**Work task**: Restate every entry word for word.

**Stored data**:
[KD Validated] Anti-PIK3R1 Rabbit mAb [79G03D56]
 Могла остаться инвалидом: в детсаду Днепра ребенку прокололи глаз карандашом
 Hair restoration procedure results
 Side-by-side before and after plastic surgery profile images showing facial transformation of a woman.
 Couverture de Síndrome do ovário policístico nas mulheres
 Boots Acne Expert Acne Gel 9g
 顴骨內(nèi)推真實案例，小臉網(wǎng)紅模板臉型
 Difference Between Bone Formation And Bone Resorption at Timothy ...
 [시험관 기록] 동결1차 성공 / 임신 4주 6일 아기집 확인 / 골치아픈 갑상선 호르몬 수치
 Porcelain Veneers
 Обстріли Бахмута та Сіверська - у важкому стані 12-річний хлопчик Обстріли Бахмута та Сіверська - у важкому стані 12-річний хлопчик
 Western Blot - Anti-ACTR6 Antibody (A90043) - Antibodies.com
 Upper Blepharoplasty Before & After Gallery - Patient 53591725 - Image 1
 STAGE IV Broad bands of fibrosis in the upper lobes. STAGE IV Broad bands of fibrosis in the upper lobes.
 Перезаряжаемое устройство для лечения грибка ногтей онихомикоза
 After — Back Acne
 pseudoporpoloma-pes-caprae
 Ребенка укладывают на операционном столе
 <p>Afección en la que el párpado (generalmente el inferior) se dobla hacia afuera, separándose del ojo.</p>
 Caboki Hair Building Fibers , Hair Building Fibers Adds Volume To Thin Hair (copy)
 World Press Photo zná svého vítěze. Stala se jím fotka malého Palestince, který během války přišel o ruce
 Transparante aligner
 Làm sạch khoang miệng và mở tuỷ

**Final answer**:
[KD Validated] Anti-PIK3R1 Rabbit mAb [79G03D56]
 Могла остаться инвалидом: в детсаду Днепра ребенку прокололи глаз карандашом
 Hair restoration procedure results
 Side-by-side before and after plastic surgery profile images showing facial transformation of a woman.
 Couverture de Síndrome do ovário policístico nas mulheres
 Boots Acne Expert Acne Gel 9g
 顴骨內(nèi)推真實案例，小臉網(wǎng)紅模板臉型
 Difference Between Bone Formation And Bone Resorption at Timothy ...
 [시험관 기록] 동결1차 성공 / 임신 4주 6일 아기집 확인 / 골치아픈 갑상선 호르몬 수치
 Porcelain Veneers
 Обстріли Бахмута та Сіверська - у важкому стані 12-річний хлопчик Обстріли Бахмута та Сіверська - у важкому стані 12-річний хлопчик
 Western Blot - Anti-ACTR6 Antibody (A90043) - Antibodies.com
 Upper Blepharoplasty Before & After Gallery - Patient 53591725 - Image 1
 STAGE IV Broad bands of fibrosis in the upper lobes. STAGE IV Broad bands of fibrosis in the upper lobes.
 Перезаряжаемое устройство для лечения грибка ногтей онихомикоза
 After — Back Acne
 pseudoporpoloma-pes-caprae
 Ребенка укладывают на операционном столе
 <p>Afección en la que el párpado (generalmente el inferior) se dobla hacia afuera, separándose del ojo.</p>
 Caboki Hair Building Fibers , Hair Building Fibers Adds Volume To Thin Hair (copy)
 World Press Photo zná svého vítěze. Stala se jím fotka malého Palestince, který během války přišel o ruce
 Transparante aligner
 Làm sạch khoang miệng và mở tuỷ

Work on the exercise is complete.